(Short web captions)
Segment Open

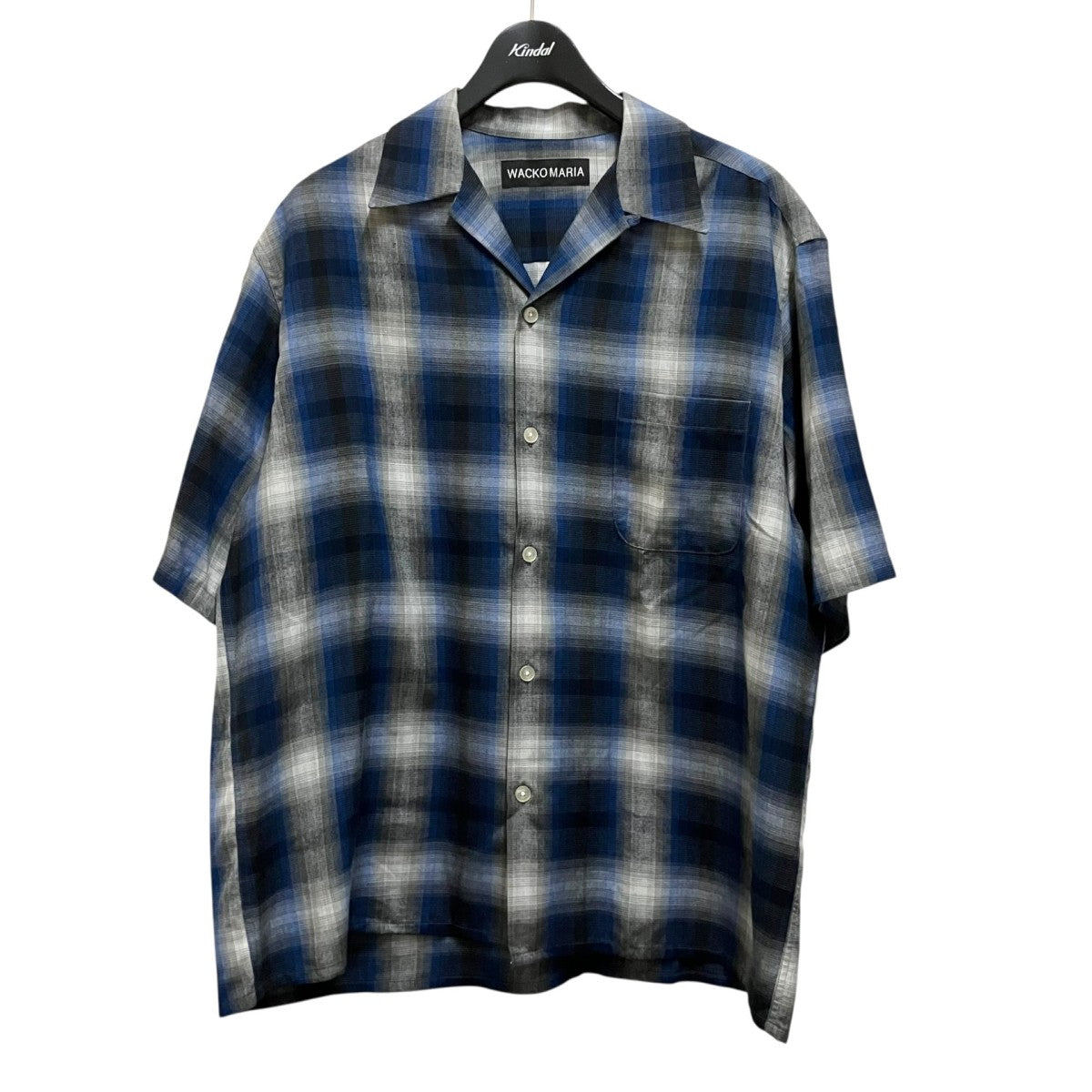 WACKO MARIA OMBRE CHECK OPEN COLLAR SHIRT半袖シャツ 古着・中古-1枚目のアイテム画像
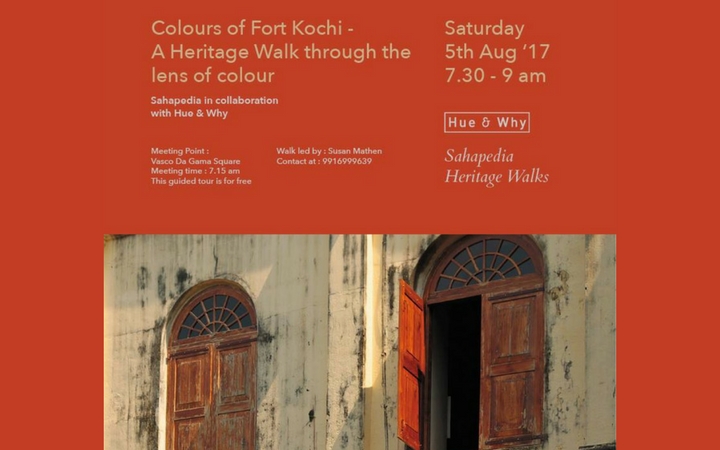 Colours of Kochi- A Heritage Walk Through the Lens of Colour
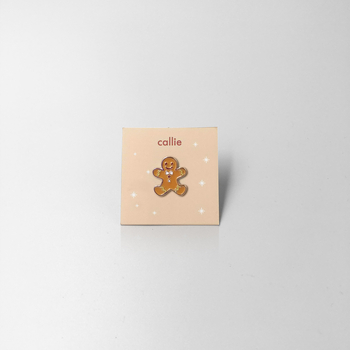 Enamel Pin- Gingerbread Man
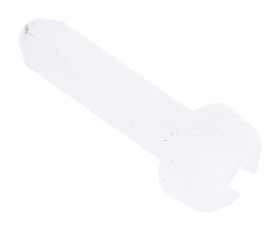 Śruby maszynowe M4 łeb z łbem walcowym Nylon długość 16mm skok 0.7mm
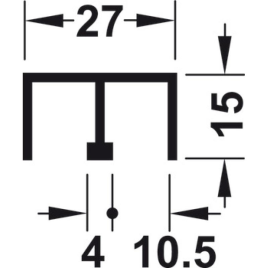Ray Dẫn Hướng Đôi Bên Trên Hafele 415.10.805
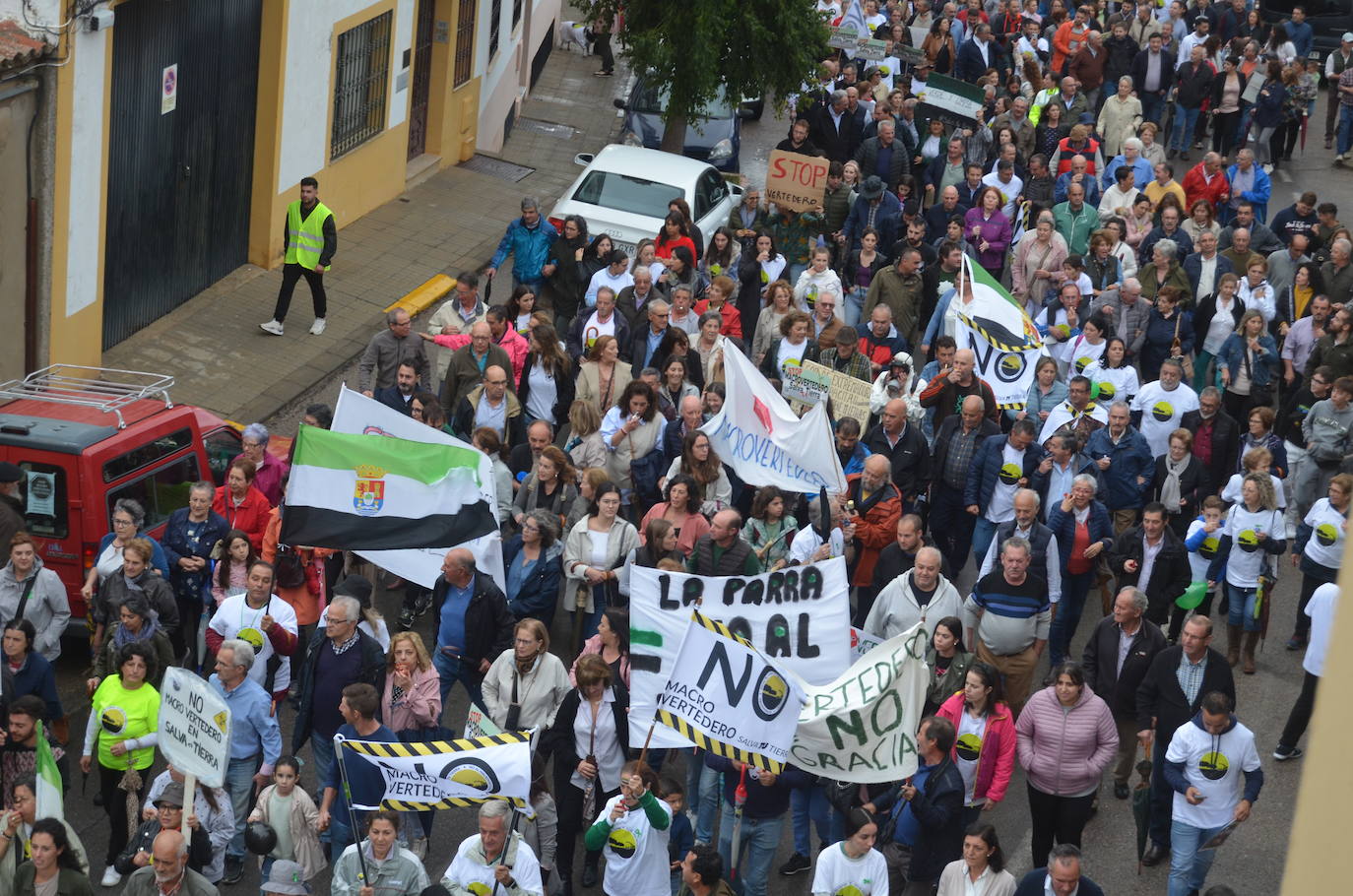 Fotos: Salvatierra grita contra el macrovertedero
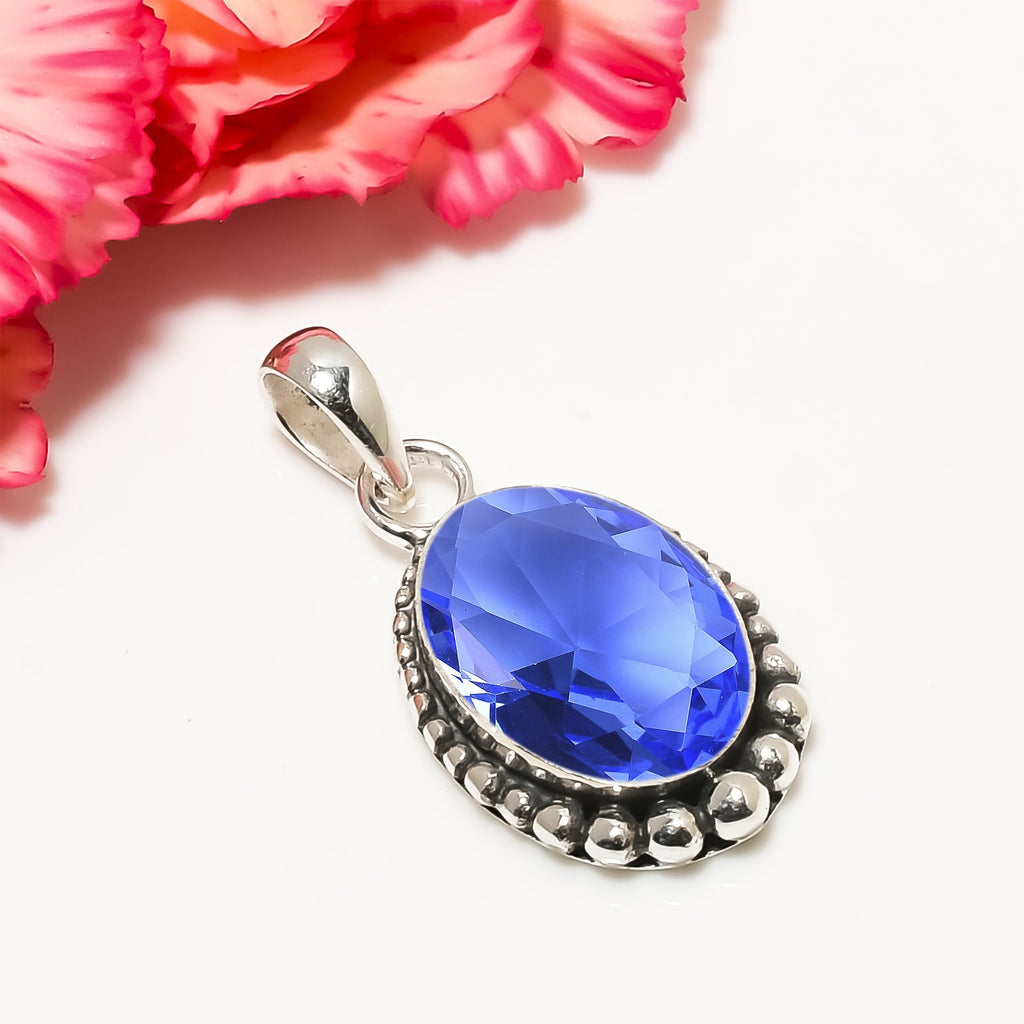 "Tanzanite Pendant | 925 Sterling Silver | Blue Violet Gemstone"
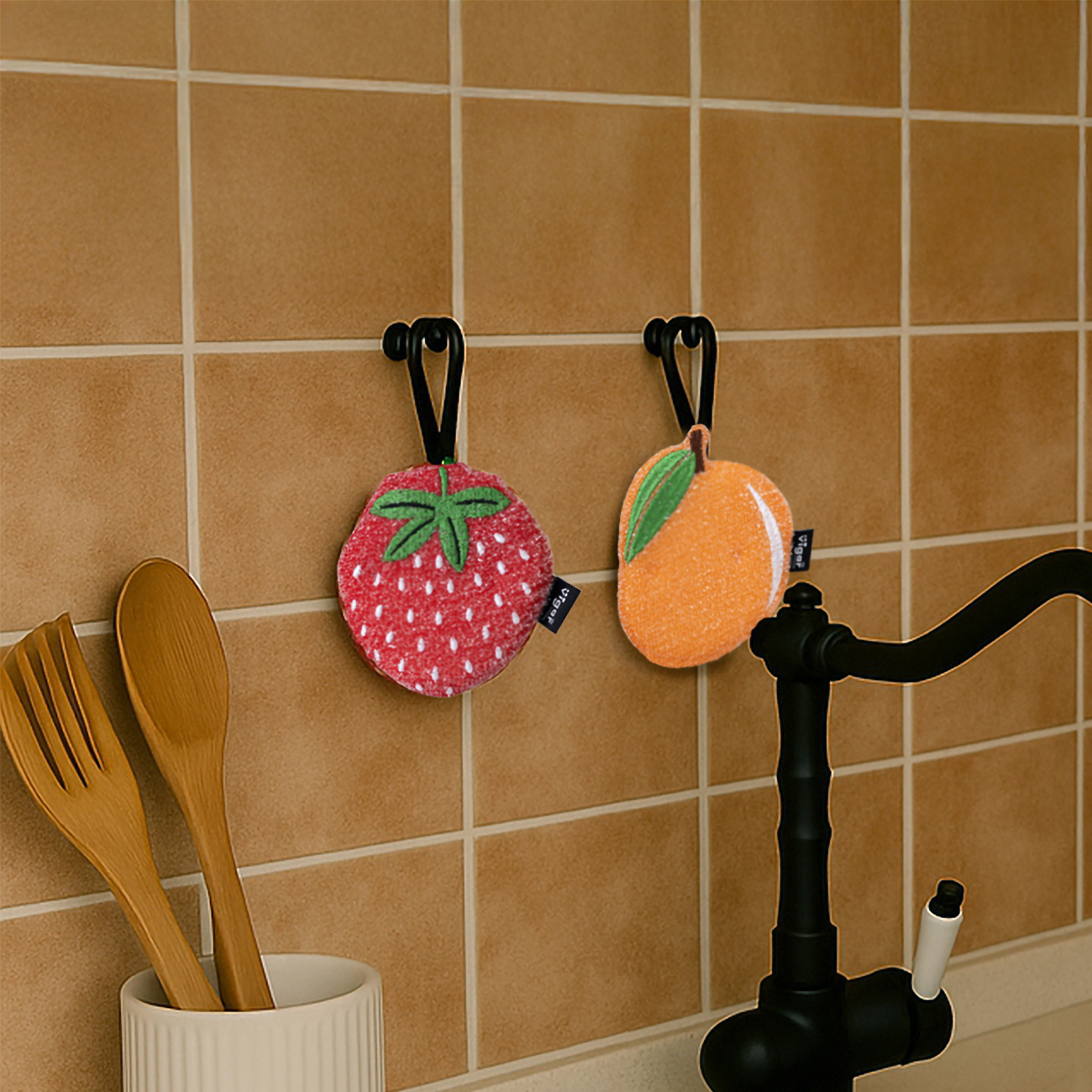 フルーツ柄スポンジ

Segment Closed

- **DIRECTIONS**: So that the copy stays exact, reproduce each record word for word and leave its images out.

- **EXERCISE ANSWER**:
 WACKO MARIA OMBRE CHECK OPEN COLLAR SHIRT半袖シャツ 古着・中古-1枚目のアイテム画像
 Colours of Kochi- A Heritage Walk Through the Lens of Colour
 Enamel Pin- Gingerbread Man
 Śruby maszynowe M4 łeb z łbem walcowym Nylon długość 16mm skok 0.7mm
Ray Dẫn Hướng Đôi Bên Trên Hafele 415.10.805
 Fotos: Salvatierra grita contra el macrovertedero
 "Tanzanite Pendant | 925 Sterling Silver | Blue Violet Gemstone"
 フルーツ柄スポンジ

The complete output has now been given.